Do you have four processors, 4GB of memory, and RAID 5 in a single internal array? This week is for you. Many SQL Server professionals reading this commentary have I/O problems that they don't know about. For space reasons, I don't typically write in depth about bits and bytes here, and it will be difficult to discuss I/O problems in detail, but I'll do my best to enlighten you given the space that I have.
First, let me grossly simplify the definition of a database-system hardware bottleneck: It's the hardware layer (typically I/O, CPU, memory, or network) that has the greatest limiting effect on server throughput. According to this definition, all systems have a bottleneck because at any point in time, some component of your hardware system is the slowest. It might not be terribly slow in relation to your workload, but there's always a weakest link in the chain. In a perfect world the hardware components would be nicely balanced so that you don't have some fast components matched to comparatively slow components; such an unbalanced setup wastes money because you don't get the full benefit of the fast components. Unfortunately, hardware with mismatched performance characteristics is all too common, and I/O subsystems typically draw the short straw.
I frequently see customers hinder SQL Server performance by using a few—maybe 4 or 5—physical disks on a run-of-the-mill internal RAID array on a box that has four (or maybe 8) fast CPUs and lots of memory. In this scenario, the customer will most likely create an I/O bottleneck because the performance characteristics of the disks can't keep up with the throughput capabilities of the faster CPU and memory. These customers might have been better off spending more money on I/O and less on other parts of the system to ensure a more balanced set of hardware.
Many customers compound the problem by using a single RAID 5 array and placing their data and logs on that single array. It's a well-recognized best practice to separate data and logs to ensure maximum throughput. I'm not saying that RAID 5 is a bad solution—sometimes it's the most cost-effective way to meet your I/O needs when you have a fixed amount of money. However, contrary to popular belief, RAID 5 isn't the most efficient choice for either reads or writes. RAID 10 will invariably be faster and RAID 1 is often better. But RAID 10 costs a lot more than RAID 5, so many customers waste hardware money by matching excessive CPU and memory resources to an underpowered I/O subsystem and that's a shame. As I said, you often misuse money by under-spending on I/O and overspending on other areas of the system. Seek Zen like balance in the distribution of your hardware resources.

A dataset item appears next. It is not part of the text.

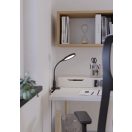 902174 EGLO LAURO 2700K 4000K 6500K LED csiptetős íróasztali lámpa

If you answered yes to my opening question about having four processors and 4GB of memory running on a single RAID 5 array, then you've probably introduced an I/O bottleneck into your system. Don't panic yet. In many cases, the server—even with the mismatched I/O-is still powerful enough in relation to the workload that no user-perceived performance problems exist. But I/O problems are the most common hardware problems that I solve.
I started this commentary by saying that it would be difficult to cover I/O problems in this space, and that's true. In some ways I've probably raised more questions than I've answered. I'm not going to attempt to provide a comprehensive list of resources to peruse or methodologies to consider. Spend five minutes Googling and you'll uncover weeks' worth of reading material to help you better understand the complex issues behind building an optimized I/O subsystem and measuring if you have an I/O bottleneck. I encourage you to seek information about DBCC SQLPERF(waitstats) and the fn_virtualfilestats() function, which are my favorite ways to find out whether a customer has an I/O problem. Become one with your hardware resources, seek out the bottlenecks, and start your homework.